This exercise calls for the line with "Bikor Bikor Brush", the line with "Set Of Three", and all lines between them in the material below, output exactly and with no other lines.

# # # # #

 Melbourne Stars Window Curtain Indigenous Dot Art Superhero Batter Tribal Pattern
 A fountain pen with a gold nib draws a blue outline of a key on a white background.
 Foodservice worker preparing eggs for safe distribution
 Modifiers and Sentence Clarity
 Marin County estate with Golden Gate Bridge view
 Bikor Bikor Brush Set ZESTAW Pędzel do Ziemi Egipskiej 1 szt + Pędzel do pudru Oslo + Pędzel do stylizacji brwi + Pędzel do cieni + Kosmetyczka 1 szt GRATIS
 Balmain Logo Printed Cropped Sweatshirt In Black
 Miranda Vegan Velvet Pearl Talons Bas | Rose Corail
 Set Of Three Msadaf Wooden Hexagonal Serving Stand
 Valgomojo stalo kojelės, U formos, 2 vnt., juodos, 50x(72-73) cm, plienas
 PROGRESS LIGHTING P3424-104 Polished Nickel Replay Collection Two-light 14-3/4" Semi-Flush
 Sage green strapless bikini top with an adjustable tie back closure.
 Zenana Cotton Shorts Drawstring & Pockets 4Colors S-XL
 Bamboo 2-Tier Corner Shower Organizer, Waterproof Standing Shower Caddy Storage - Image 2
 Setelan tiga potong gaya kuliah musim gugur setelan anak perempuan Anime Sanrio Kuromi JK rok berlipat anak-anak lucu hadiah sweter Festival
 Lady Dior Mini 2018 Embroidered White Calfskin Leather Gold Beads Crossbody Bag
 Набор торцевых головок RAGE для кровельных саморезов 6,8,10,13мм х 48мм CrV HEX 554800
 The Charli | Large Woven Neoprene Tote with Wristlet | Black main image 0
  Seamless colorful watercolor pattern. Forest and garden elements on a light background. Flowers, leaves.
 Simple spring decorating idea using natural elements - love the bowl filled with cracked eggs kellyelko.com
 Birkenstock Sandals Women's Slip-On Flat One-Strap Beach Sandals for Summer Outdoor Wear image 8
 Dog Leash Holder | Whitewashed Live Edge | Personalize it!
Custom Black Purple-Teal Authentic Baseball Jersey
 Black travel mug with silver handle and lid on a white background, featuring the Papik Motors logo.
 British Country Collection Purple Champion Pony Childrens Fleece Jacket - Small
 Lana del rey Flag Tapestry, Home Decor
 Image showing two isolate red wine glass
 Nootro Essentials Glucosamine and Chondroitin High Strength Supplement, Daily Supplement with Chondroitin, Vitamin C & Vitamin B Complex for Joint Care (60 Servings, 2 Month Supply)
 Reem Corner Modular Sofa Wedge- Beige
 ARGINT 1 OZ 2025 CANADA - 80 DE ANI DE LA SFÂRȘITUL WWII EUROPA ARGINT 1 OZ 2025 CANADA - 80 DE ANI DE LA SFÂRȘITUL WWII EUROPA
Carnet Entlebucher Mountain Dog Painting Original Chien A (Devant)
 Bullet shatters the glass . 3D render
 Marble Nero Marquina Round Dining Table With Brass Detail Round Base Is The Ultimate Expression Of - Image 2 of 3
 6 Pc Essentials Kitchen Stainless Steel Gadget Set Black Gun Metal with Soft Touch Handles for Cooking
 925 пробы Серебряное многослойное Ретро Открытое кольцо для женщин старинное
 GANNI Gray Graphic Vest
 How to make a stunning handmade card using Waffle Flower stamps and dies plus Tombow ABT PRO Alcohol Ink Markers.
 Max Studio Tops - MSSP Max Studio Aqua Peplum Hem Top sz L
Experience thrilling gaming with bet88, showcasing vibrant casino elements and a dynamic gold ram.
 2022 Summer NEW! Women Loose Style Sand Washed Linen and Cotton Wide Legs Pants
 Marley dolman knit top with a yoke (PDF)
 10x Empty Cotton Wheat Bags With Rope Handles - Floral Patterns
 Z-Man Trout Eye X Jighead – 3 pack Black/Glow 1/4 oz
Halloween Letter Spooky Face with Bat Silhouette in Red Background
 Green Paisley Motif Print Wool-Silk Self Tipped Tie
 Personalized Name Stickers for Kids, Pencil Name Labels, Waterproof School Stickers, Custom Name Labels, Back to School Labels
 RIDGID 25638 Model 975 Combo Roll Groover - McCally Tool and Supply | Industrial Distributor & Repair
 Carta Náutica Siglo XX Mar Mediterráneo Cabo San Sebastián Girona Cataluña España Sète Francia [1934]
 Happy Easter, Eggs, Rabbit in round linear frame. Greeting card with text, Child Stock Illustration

# # # # #

§ THE COMPLETED TASK
 Bikor Bikor Brush Set ZESTAW Pędzel do Ziemi Egipskiej 1 szt + Pędzel do pudru Oslo + Pędzel do stylizacji brwi + Pędzel do cieni + Kosmetyczka 1 szt GRATIS
 Balmain Logo Printed Cropped Sweatshirt In Black
 Miranda Vegan Velvet Pearl Talons Bas | Rose Corail
 Set Of Three Msadaf Wooden Hexagonal Serving Stand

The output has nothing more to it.